Thursday, February 21, 2008

College Transfer Blues

Laura Dempsey, a civil rights lawyer and Army wife, writes in the Washington Post about the many reasons it's hard for her to maintain a career. Among them:


Wives attending college when their service members transfer must choose between paying exorbitant out-of-state tuition if they stay behind or losing a substantial number of credits if they move. Although many smaller and online universities admirably volunteer to accept transferred credits for military wives, most of the country's larger public universities and almost none of the top-tier private schools do.
This is a good opportunity to point out that the "system" of tranferring college credit in this country is a mess, much more so than most people realize. Colleges start with the baseline presumption that credits earned at other colleges are no good. Then they intermittently create "articulation" arrangements with other institutions, often on department-by-department ore even course-by-course basis, most commonly within state university systems or between systems within states. Absent those arrangements, they just decide which credits they'll accept however they like. It's a completely non-transparent and idiosyncratic process, and the worst thing about it is that students don't find out how many of their credits will be accepted by the college they're transferring to until after they apply and decide to go.

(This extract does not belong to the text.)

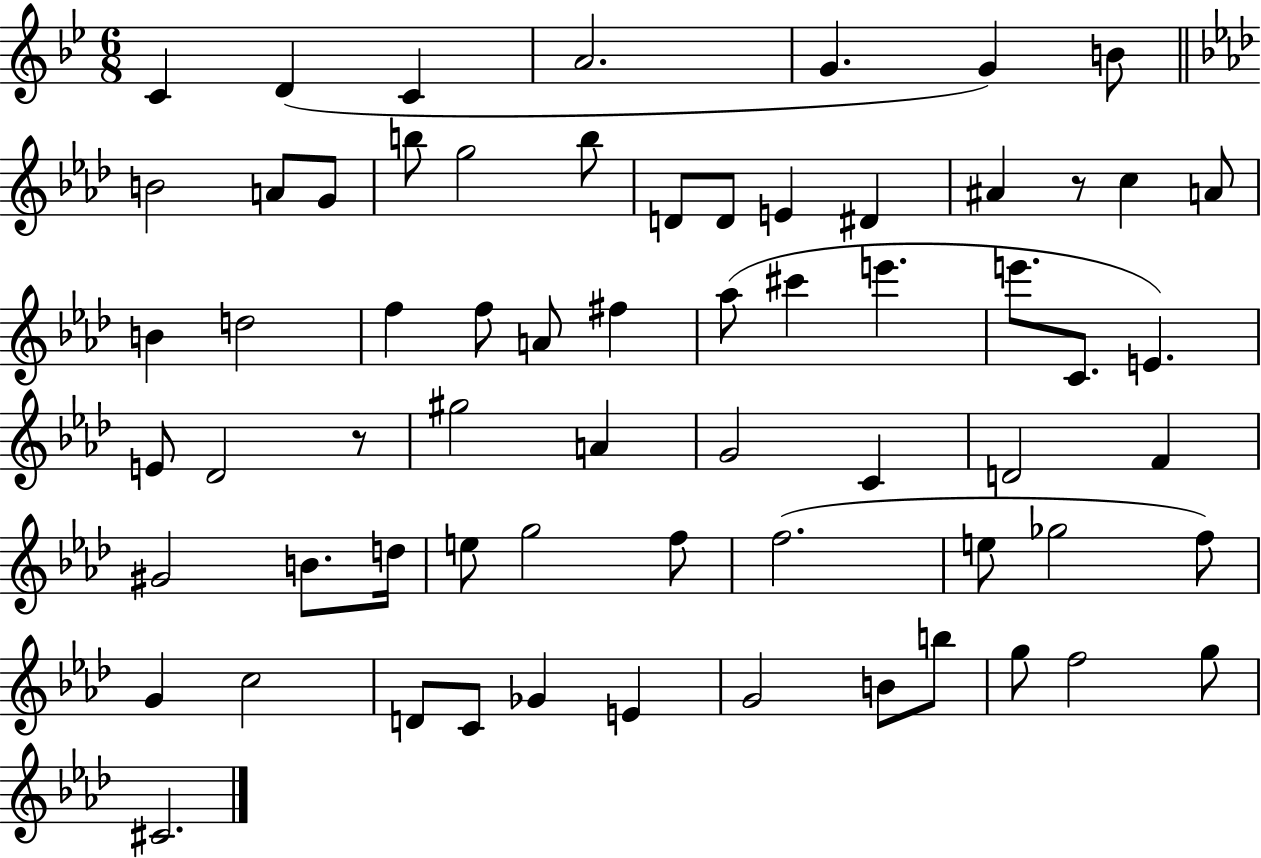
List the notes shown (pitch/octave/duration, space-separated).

C4/q D4/q C4/q A4/h. G4/q. G4/q B4/e B4/h A4/e G4/e B5/e G5/h B5/e D4/e D4/e E4/q D#4/q A#4/q R/e C5/q A4/e B4/q D5/h F5/q F5/e A4/e F#5/q Ab5/e C#6/q E6/q. E6/e. C4/e. E4/q. E4/e Db4/h R/e G#5/h A4/q G4/h C4/q D4/h F4/q G#4/h B4/e. D5/s E5/e G5/h F5/e F5/h. E5/e Gb5/h F5/e G4/q C5/h D4/e C4/e Gb4/q E4/q G4/h B4/e B5/e G5/e F5/h G5/e C#4/h.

This is partly because we live in a big country with a lot of colleges that are governed in a very decentralized way, so there's no clean public policy solution from a national perspective. But there's also an element of institutional hubris -- departments tend to think that the standards for introductory Econ or what have you at that other institution just aren't up to snuff, when in fact most of the courses students take as undergraduates aren't all that different regardless of where they're taught.

There's also a financial element -- it's not in a college's best interests to make it really easy for students to transfer out, and when they accept students who transfer in, every credit they reject is a credit students will have to pay to re-take. Market pressures don't fix the problem because students don't usually transfer many times, so it's a case where they don't know they're going to get the shaft until they've gotten it, and once they've gotten it they're never in a position to avoid getting it again.

Only students in special circumstances that result in serial transfers--like Army wives--come to realize just how absurd and inefficient the system is, likely resulting in billions of dollars per year of wasted time and money that could be better spent elsewhere.